The data is mostly neutral, with the exceptions of the McClellan 1-Day OB/OS Oscillators staying overbought and the % of S&P 500 stocks trading above their 50 DMAs implying the markets are a bit overextended currently. Also, instead of the SPX trading at a discount to ballpark fair value for the past several weeks, it is now trading at a premium. As such, we believe some consolidation of recent gains is becoming more likely with the potential for more advantageous entry points.
On the charts, all the major equity indexes, except for the DJT, closed higher yesterday with mixed NYSE and positive NASDAQ internals as all closed at or near their intraday highs.There were no technical events of import generated on the charts, leaving all in their respective near-term uptrends and above their 50 DMAs.
- Cumulative market breadth remains strong on the All Exchange, NYSE and NASDAQ as well.
- And while the stochastic levels remain overbought across the board, they have yet to register cautionary bearish crossover signals.
However, the data is casting a few cautionary shadows.
- The McClellan OB/OS Oscillators reman cautionary as all remain overbought, but less so than yesterday’s readings (All Exchange: +86.43 NYSE: +89.10 NASDAQ: +85.72).

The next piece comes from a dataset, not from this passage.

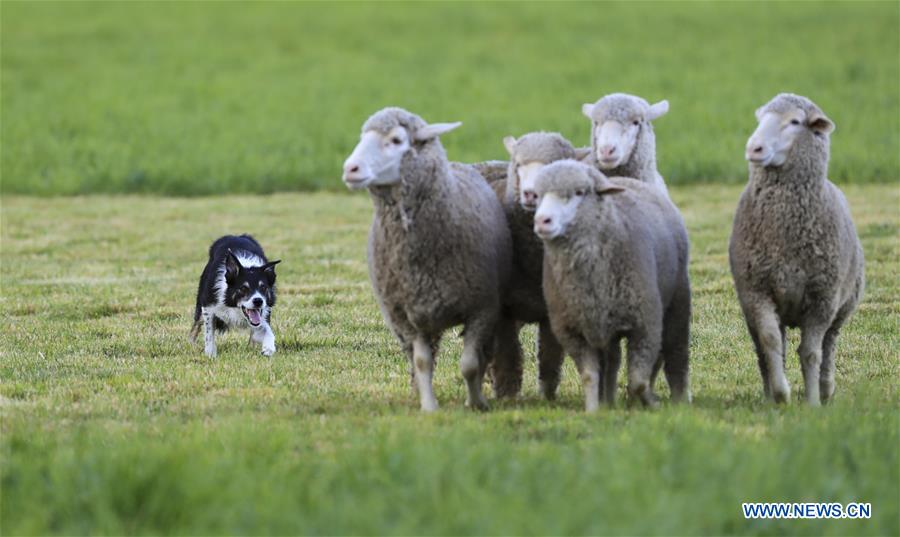 U.S.-CARBONDALE-NATIONAL SHEEPDOG FINALS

We remain of the opinion that they suggest some short-term caution is warranted.
- The % of SPX issues trading above their 50 DMAs (contrarian indicator) remains bearish territory at 91%. We reiterate, as a point of reference, it was around 13% at the June market lows.
- The Open Insider Buy/Sell Ratio rose to 39.7 and remains neutral.
- The detrended Rydex Ratio (contrarian indicator) ticked down to -0.41 and is neutral as well.
- This week’s AAII Bear/Bull Ratio (contrarian indicator) moderated further as the crowd became a bit less fearful at 1.28, staying on a bullish.
- The Investors Intelligence Bear/Bull Ratio (contrary indicator) also moderated with the number of bears dropping and bulls increasing at 27.8/44.4. Its 3-week moving average remains bullish at 83.79.
- The forward 12-month consensus earnings estimate from Bloomberg for the SPX as of yesterday morning was $233.05. As such, the valuation spread has widened with the SPX forward multiple at 18.4 and a premium to the “rule of 20” ballpark fair value at 17.2.
- The SPX forward earnings yield is 5.42%.
- The 10-year Treasury yield closed lower at 2.79% and still within its trading range with support at 2.72% and resistance at 2.91%.
In conclusion, the DJI is up over 4,000 points from its June low with the McClellan OB/OS cautionary as valuation has become, in our opinion, somewhat stretched. In our view, they suggest some patience should be exercised currently within the ongoing uptrends.